- ACTIVITY -
Could the data below please be reproduced word for word, without the pictures?

*** INPUT RECORDS ***

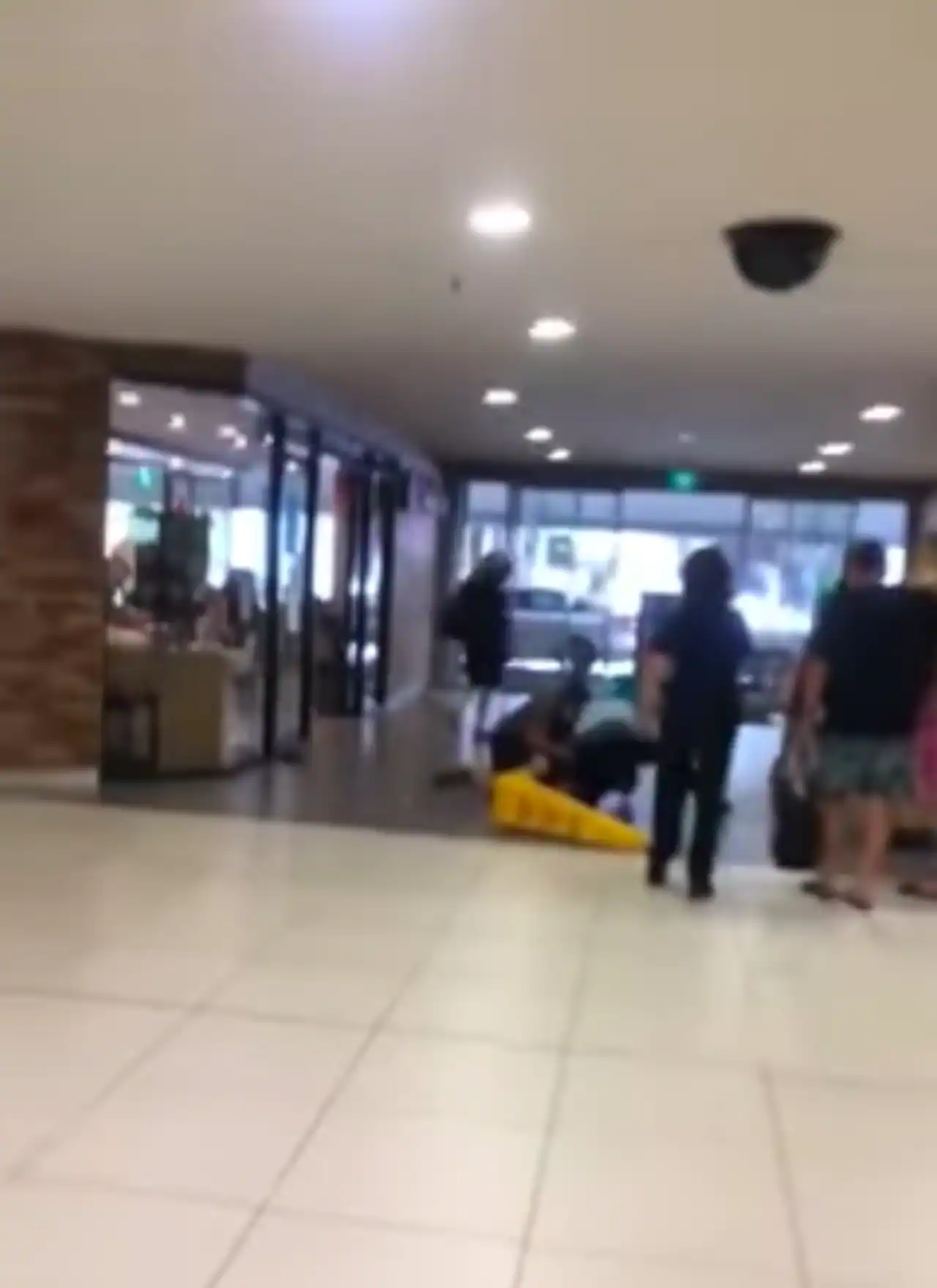 Guard allegedly punched over masks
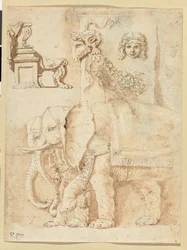 Studier efter Andrea Mantegna, Giulio Romano och antiken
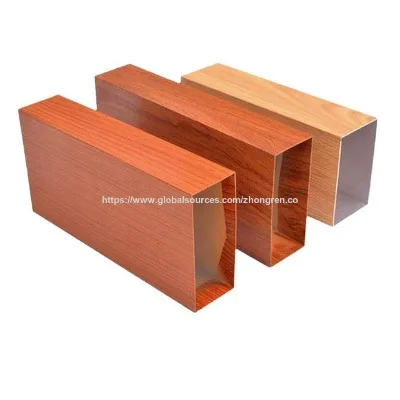 Aluminum Square Tube with Hot-Pressed Printed Wood-Grain Finish Modern Design Durable & Water Resistant for Office Building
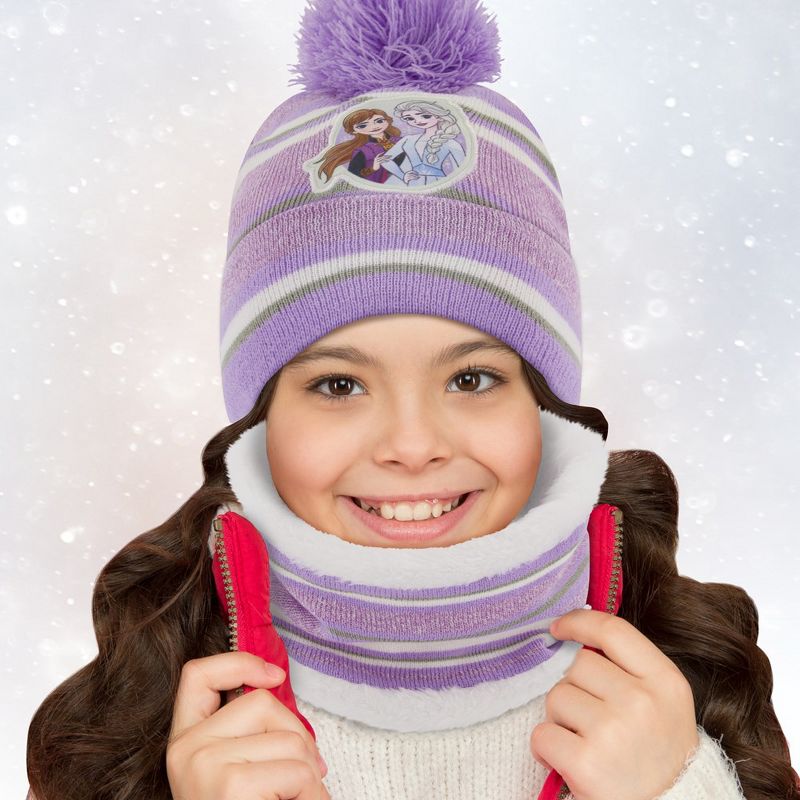 Frozen Elsa & Anna Winter Scarf and Mittens, Kids Ages 2-7 (Purple), 2 of 3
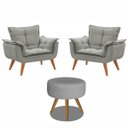 Ver imagem 1 de Kit 2 Poltronas Decorativas Opala com Puff Redondo Cinza - Visa Decor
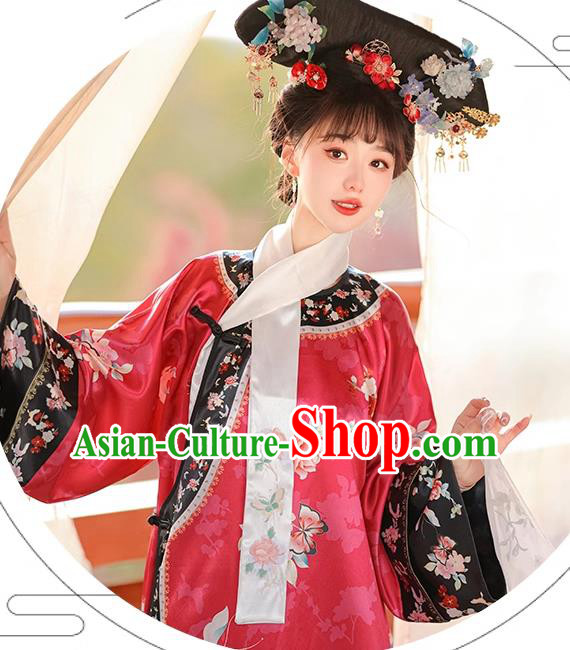 Chinese Ancient Empress Costume Qing Dynasty Princess Clothing Court Style Red Dress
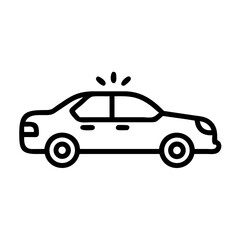 Police Car Icon for Law Enforcement and Security Themes
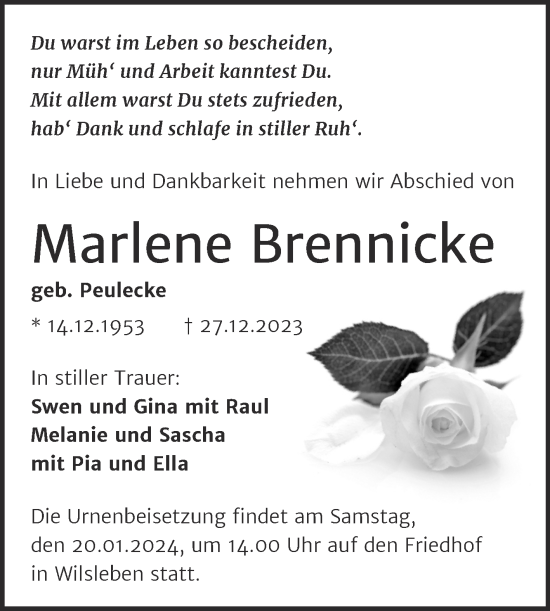 Traueranzeige von Marlene Brennicke von Trauerkombi Aschersleben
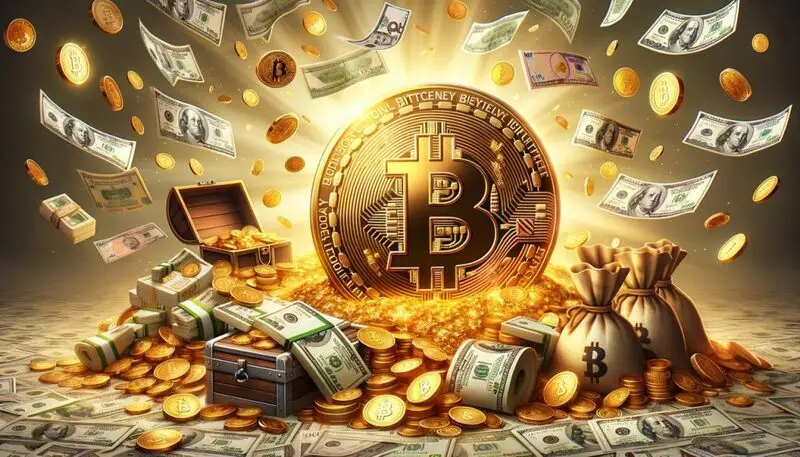 Bitcoin with a lot of money cryptocurrency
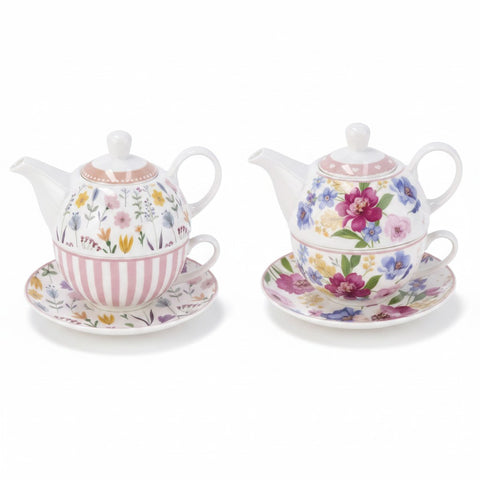 Set Teiera con Tazza in Porcellana - Decoro floreale botanico illustrato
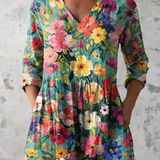 Nora | Duga Bluza s V-Izrezom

*** End of INPUT RECORDS ***

- ANSWER TO THE PROBLEM -
 Guard allegedly punched over masks
 Studier efter Andrea Mantegna, Giulio Romano och antiken
 Aluminum Square Tube with Hot-Pressed Printed Wood-Grain Finish Modern Design Durable & Water Resistant for Office Building
 Frozen Elsa & Anna Winter Scarf and Mittens, Kids Ages 2-7 (Purple), 2 of 3
 Ver imagem 1 de Kit 2 Poltronas Decorativas Opala com Puff Redondo Cinza - Visa Decor
 Chinese Ancient Empress Costume Qing Dynasty Princess Clothing Court Style Red Dress
 Police Car Icon for Law Enforcement and Security Themes
 Traueranzeige von Marlene Brennicke von Trauerkombi Aschersleben
 Bitcoin with a lot of money cryptocurrency
 Set Teiera con Tazza in Porcellana - Decoro floreale botanico illustrato
 Nora | Duga Bluza s V-Izrezom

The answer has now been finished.